The same logic combines your income streams. If you have £30,000 of rent and £25,000 from freelance work, your qualifying income is £55,000, so you are in from April 2026 even though neither source on its own clears £50,000.

The quarterly timeline in practice

Once you are in, the tax year is split into four standard quarters. Each update is cumulative, a year-to-date total, and each has a fixed deadline on the 7th:

Quarter coversUpdate due by
6 Apr to 5 Jul7 August
6 Apr to 5 Oct7 November
6 Apr to 5 Jan7 February
6 Apr to 5 Apr7 May

These updates are rough running totals. You are not claiming every allowance or finalising anything at this stage, so a small slip in one quarter can be corrected later. The real accuracy comes at the final declaration, due by 31 January after the tax year ends, the same date you know today.

If the standard quarters are awkward, you can elect for calendar quarters (to 30 June, 30 September, 31 December and 31 March) in your software. The deadlines still fall on the 7th of the following month.

A worked example

Priya owns two rental flats. Flat A brings in £18,000 a year, Flat B £16,800. Her gross rent is £34,800 and she has no other trade or self-employment.

  • She is over £30,000 but under £50,000, so she is not in the April 2026 wave. She joins from 6 April 2027.
  • From that date she keeps digital records and sends four updates a year. Her first, covering 6 April to 5 July 2027, is due by 7 August 2027.
  • She still files a final declaration for 2027-28 by 31 January 2029, and her payment dates do not change.

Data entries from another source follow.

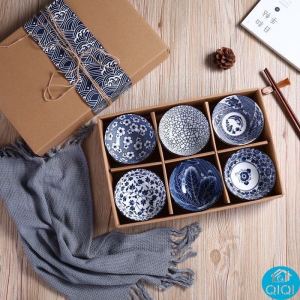 QIQI เข้าไมโครเวฟได้ ชุดถ้วย4.5 นิ้วเซรามิค 1ชุด มีให้เลือก 2ใบ4ใบ6ใบ ถ้วยกระเบื้อง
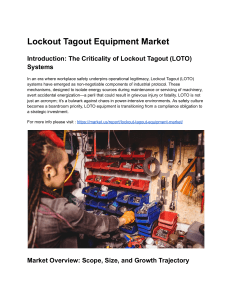 Lockout Tagout Equipment Market Analysis & Growth Forecast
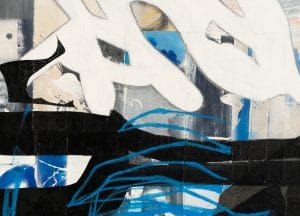 Large urban abstract painting blue black white Laura Letchinger detail 2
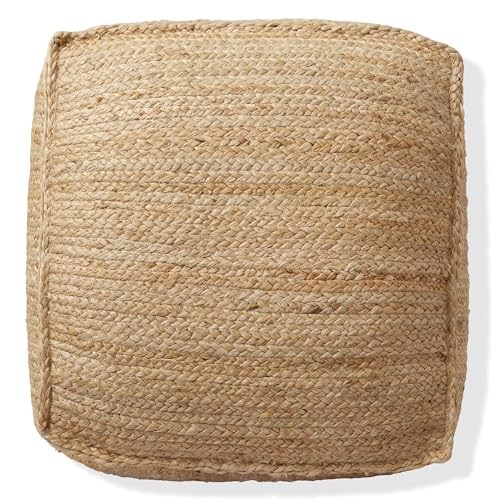 Braided Jute Square Pouf Ottoman - 22-Inch Woven Boho Footrest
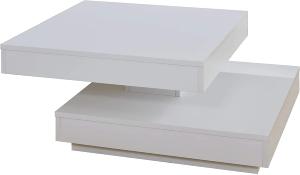 TABLE basse, pivotante, 2 niveaux, blanche, modèle MIRAGE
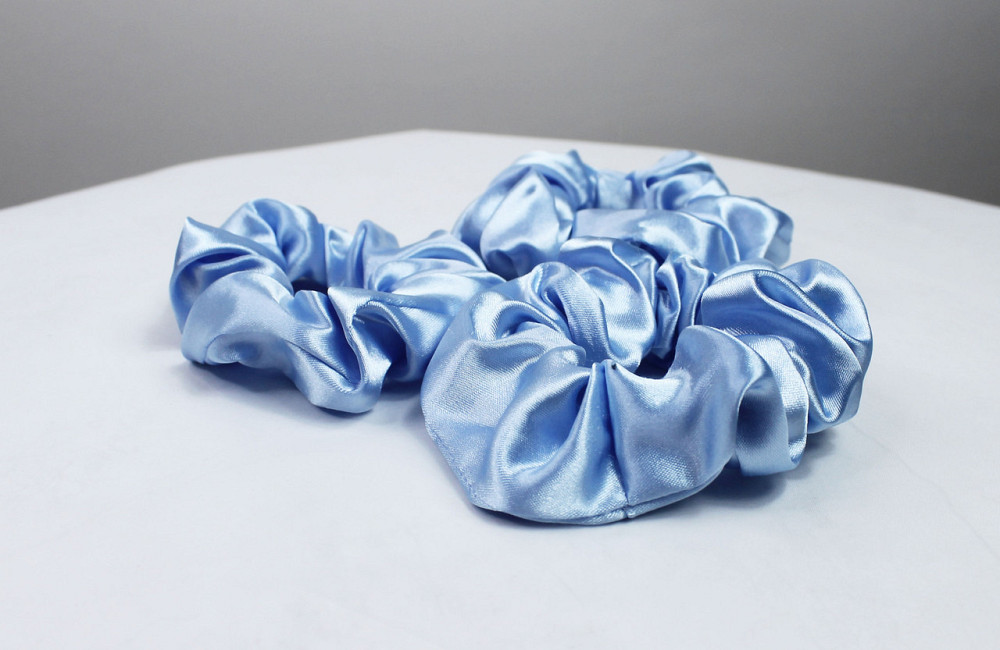 Резинки для волосся дитячі атласні Блакитний Харків - фото 2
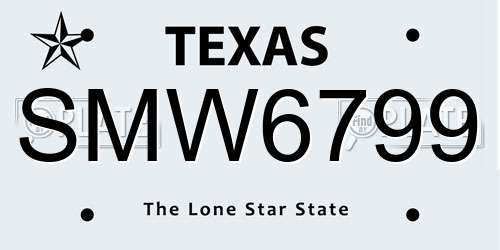 SMW6799 Texas License Plate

If Priya's rents rose and her gross figure crept over £50,000 on the return HMRC checks, she would instead be pulled into the April 2026 start.

Jointly owned property

Each owner counts only their share. A couple who own a property 50/50 and receive £70,000 of rent between them each have £35,000 of qualifying income. Neither is in the £50,000 April 2026 wave; both join from April 2027 under the £30,000 threshold. Look at each person's total across all their properties and trades, not the household's combined figure.

Exemptions and edge cases

You may be exempt if it is not reasonably practicable for you to use digital tools (for example due to age, disability, or a location with no reliable internet), or if HMRC already treats you as digitally excluded. Trustees, personal representatives and some other cases have their own rules. If your qualifying income sits at or below the lowest threshold, you stay on Self Assessment as normal for now.

How to get ready

You do not need to do everything today, but a few steps make the switch painless:

  1. Know your number. Add up gross rent (and any self-employment turnover) to see which threshold and start date apply to you.
  2. Check your last return. HMRC uses it to decide your wave, so make sure it is accurate.
  3. Pick software early. Choose an MTD-compatible package, or a bridging tool if you like your spreadsheet, and start recording income and expenses digitally before your start date.
  4. Sign up when eligible. You can join voluntarily ahead of mandation on gov.uk to test the process on a real year.

Keeping clean, up-to-date records all year, rather than a shoebox reconciled every January, is the real shift MTD asks of landlords. Logging rent and expenses as they happen makes each quarterly update a five-minute job instead of a scramble.

This is general information, not tax or financial advice. Thresholds and dates are correct as of July 2026; check the current rules on gov.uk before you act.